Vape vs Rokok: Benarkah Lebih Hemat atau Malah Bikin Boncos?

Harga rokok naik lagi? Bukan rahasia umum kalau cukai rokok di Indonesia tiap tahun makin mencekik dompet. Mungkin Anda sering mendengar teman tongkrongan bilang, “Pindah ke vape aja, jauh lebih irit!” Tapi di sisi lain, Anda juga lihat harga device vape yang ratusan ribu sampai jutaan. Jadi bingung, kan?

Tenang, Anda tidak sendirian. Banyak pemula yang ragu beralih karena takut malah jadi “boncos” di awal. Sebagai Vapertize Expert yang sudah melihat tren pasar vape lebih dari satu dekade, saya akan membedah hitung-hitungan riil biaya Vape vs Rokok di tahun 2025 ini.
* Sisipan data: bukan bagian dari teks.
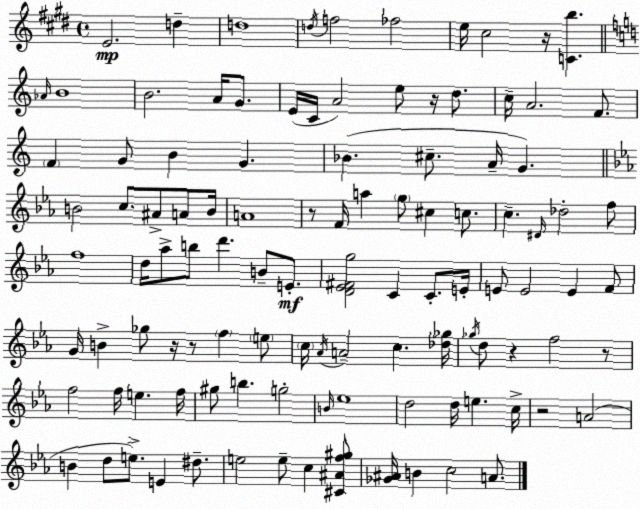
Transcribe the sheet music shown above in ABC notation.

X:1
T:Untitled
M:4/4
L:1/4
K:E
E2 d d4 d/4 f2 _f2 e/4 ^c2 z/4 [Cb] _A/4 B4 B2 A/4 G/2 E/4 C/4 A2 e/2 z/4 d/2 c/4 A2 F/2 F G/2 B G _B ^c/2 A/4 G B2 c/2 ^A/2 A/2 B/4 A4 z/2 F/4 a g/2 ^c c/2 c ^D/4 _d2 f/2 f4 d/4 _a/2 b/2 d' B/2 E/2 [D_E^Fg]2 C C/2 E/4 E/2 E2 E F/2 G/4 B _g/2 z/4 z/2 f e/2 c/4 _A/4 A2 c [_d_g]/4 _g/4 d/2 z f2 z/2 f2 f/4 e f/4 ^g/2 b g2 B/4 _e4 d2 d/4 e c/4 z2 A2 B d/2 e/2 E ^d/2 e2 e/2 c [^C^Af^g]/2 [_G^A]/4 B c2 A/2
Tanpa bias, murni data lapangan.

Di artikel ini, kita akan adu dompet: Seberapa besar selisih pengeluaran perokok aktif dibandingkan dengan pengguna Pod System harian. Siap kaget lihat angkanya? Yuk, simak!
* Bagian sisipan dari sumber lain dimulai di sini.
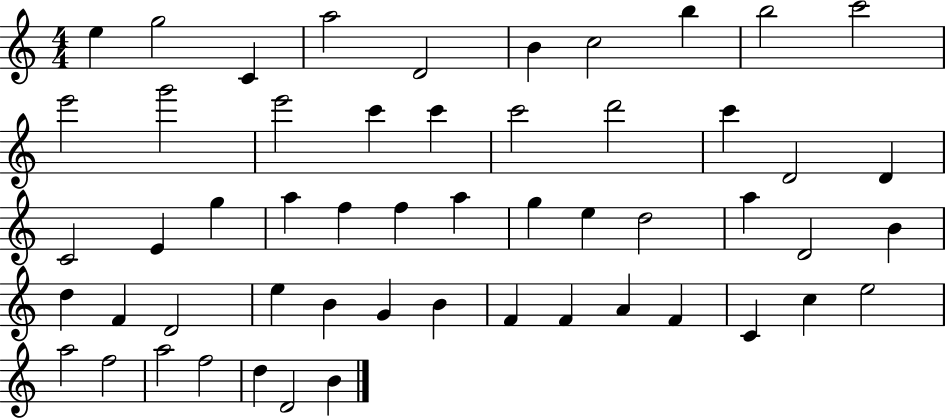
X:1
T:Untitled
M:4/4
L:1/4
K:C
e g2 C a2 D2 B c2 b b2 c'2 e'2 g'2 e'2 c' c' c'2 d'2 c' D2 D C2 E g a f f a g e d2 a D2 B d F D2 e B G B F F A F C c e2 a2 f2 a2 f2 d D2 B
1. Mitos “Mahal di Awal”: Investasi Device

Banyak yang mundur duluan karena harus beli alat. Padahal di tahun 2025, teknologi vape (terutama Pod System) sudah sangat murah dan canggih.
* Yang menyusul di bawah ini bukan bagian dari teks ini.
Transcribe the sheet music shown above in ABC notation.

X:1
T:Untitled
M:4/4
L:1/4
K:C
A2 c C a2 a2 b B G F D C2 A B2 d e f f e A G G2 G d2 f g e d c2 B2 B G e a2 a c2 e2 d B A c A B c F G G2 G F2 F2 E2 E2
  • Rokok Konvensional: Tidak butuh alat, tinggal beli korek 2 ribu perak.
  • Vape (Pod System): Butuh modal awal untuk membeli device.

Realita 2025: Anda bisa mendapatkan Pod System yang flavor-nya enak, baterai awet, dan brand ternama (seperti OXVA, Vaporesso, atau Foom) dengan harga Rp 150.000 – Rp 250.000 saja. Ini adalah biaya satu kali beli (one-time investment) yang bisa dipakai berbulan-bulan bahkan tahunan jika dirawat dengan benar.

Catatan : Jangan langsung beli Mod AIO seharga 2 juta kalau tujuannya hemat. Mulailah dari Pod Stick yang user-friendly.


2. Simulasi Biaya Bulanan (The Battle)

Mari kita asumsikan Anda adalah perokok sebungkus sehari (yang umum di Indonesia) dan ingin beralih ke Pod System menggunakan Liquid Saltnic.

Skenario A: Perokok Konvensional

Harga rokok putih/kretek premium di 2025 rata-rata sudah menyentuh angka Rp 40.000 – Rp 45.000 per bungkus.

  • Konsumsi: 1 bungkus/hari.
  • Biaya Harian: Rp 40.000.
  • Total Sebulan (30 hari): Rp 1.200.000.
Baca Juga :  7+ Rekomendasi Liquid Best Seller di Bulan Agustus

Skenario B: Vapers (Pod User)

Untuk penggunaan wajar (menggantikan kebutuhan nikotin rokok), rata-rata vapers menghabiskan 2 botol liquid (15ml atau 30ml) dan 2-3 cartridge per bulan.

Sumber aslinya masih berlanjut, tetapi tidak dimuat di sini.